**YOUR TASK:**
Nothing in the records may be altered, and no picture may be included. Restate them in full.

**DATA RECORDS:**
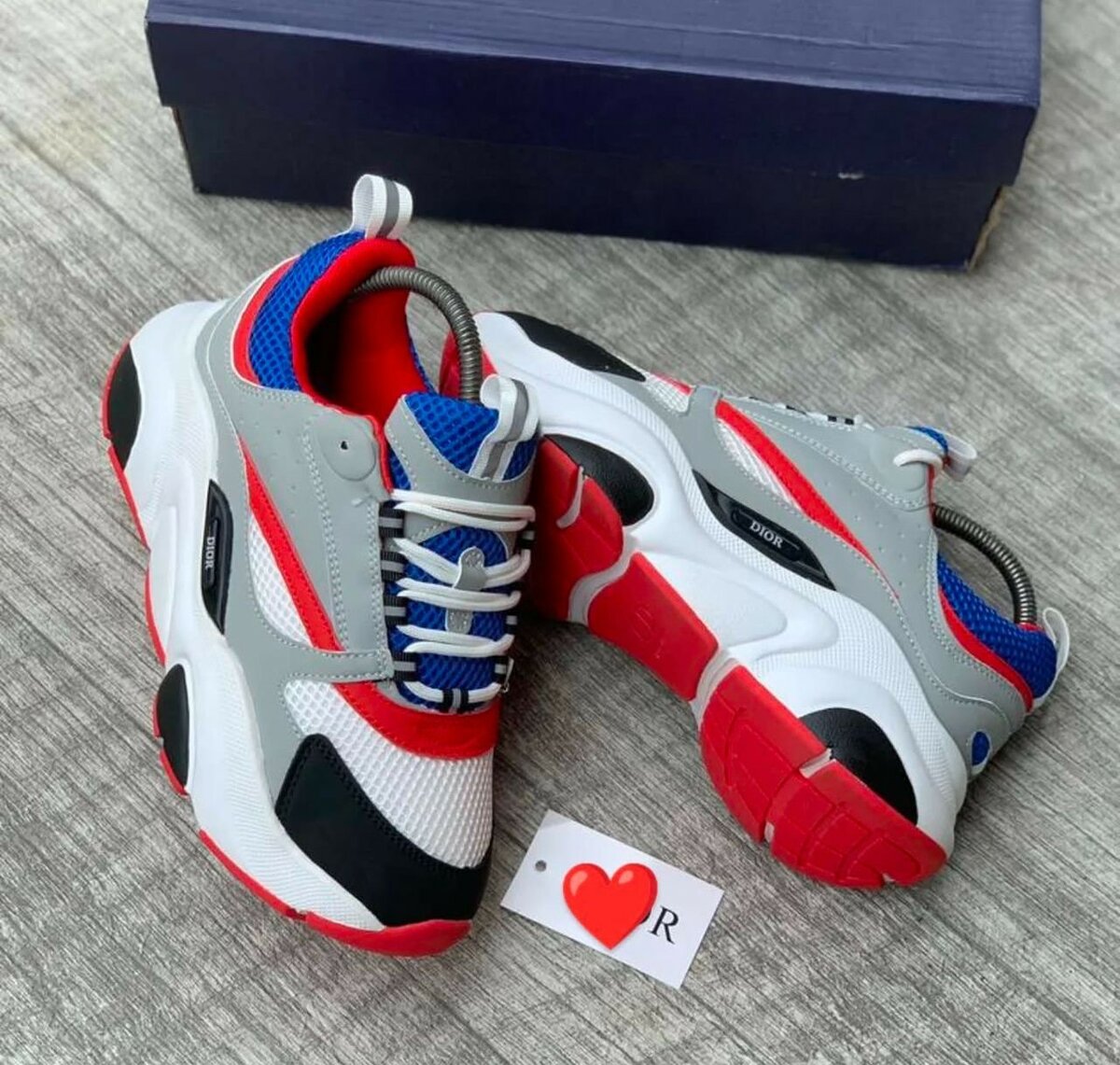 Sneakers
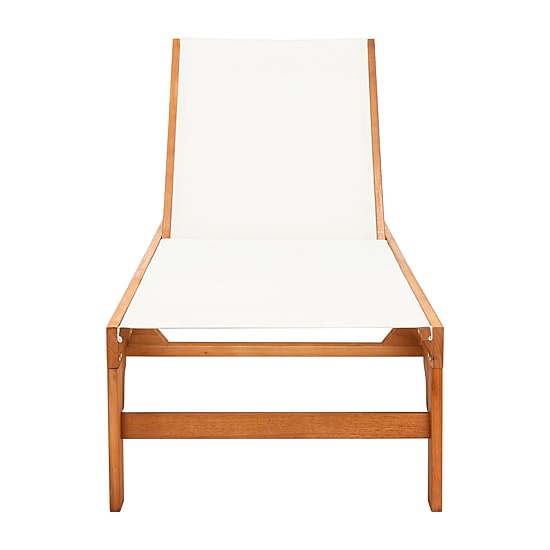 Safavieh Ralden Patio Collection Lounge Chair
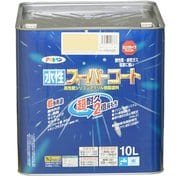 水性スーパーコート [10L ハーベストイエロー]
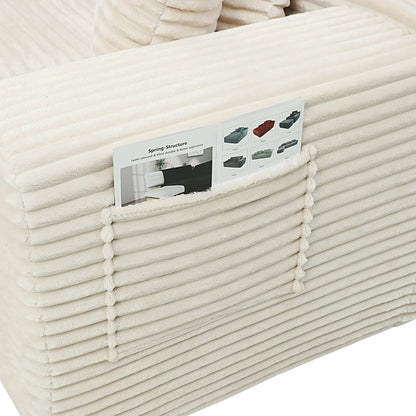 Modular Sectional Sofa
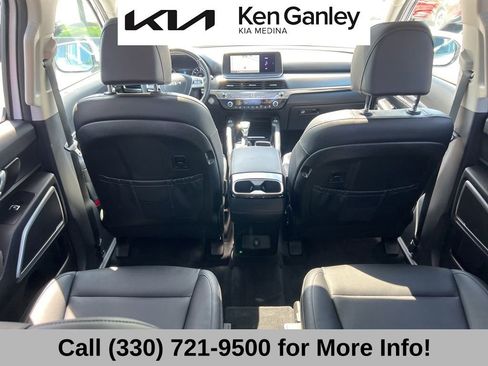 Certified 2022 Kia Telluride S AWD/4WD image 54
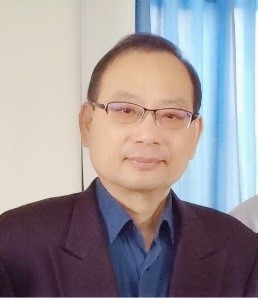 Professor Ching-Nung Yang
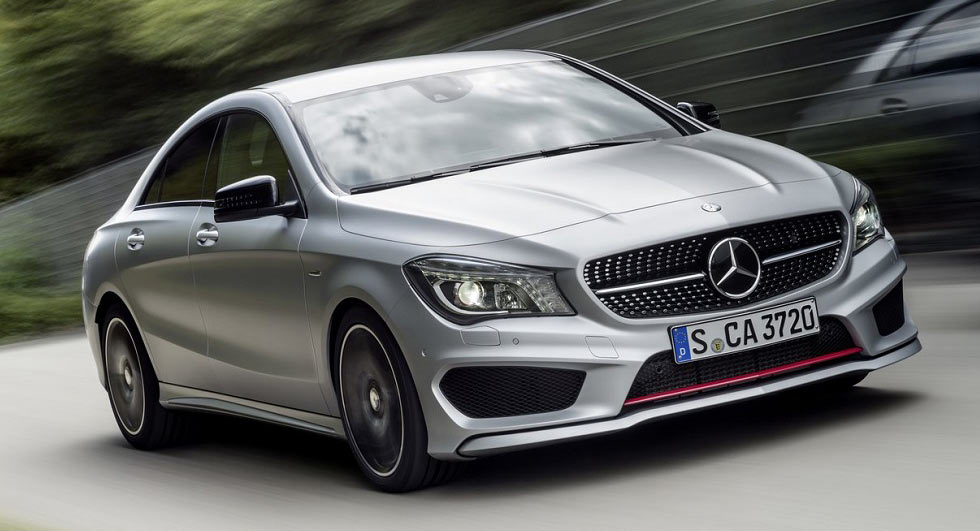  Millennials Like Mercedes And Other Luxury Brands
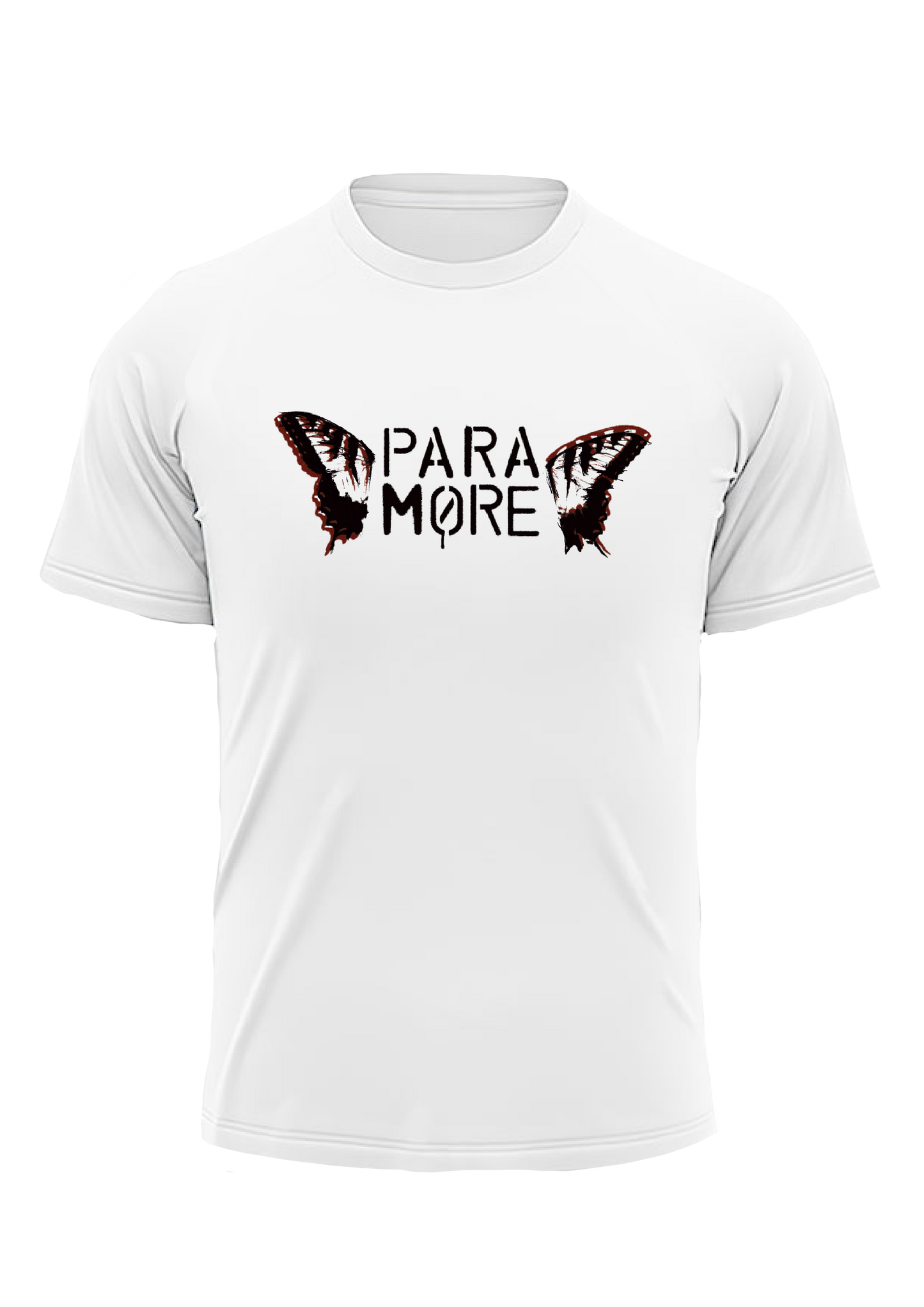 Paramore T Shirt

**REPLY TO THE EXERCISE:**
 Sneakers
 Safavieh Ralden Patio Collection Lounge Chair
 水性スーパーコート [10L ハーベストイエロー]
 Modular Sectional Sofa
 Certified 2022 Kia Telluride S AWD/4WD image 54
 Professor Ching-Nung Yang
  Millennials Like Mercedes And Other Luxury Brands
 Paramore T Shirt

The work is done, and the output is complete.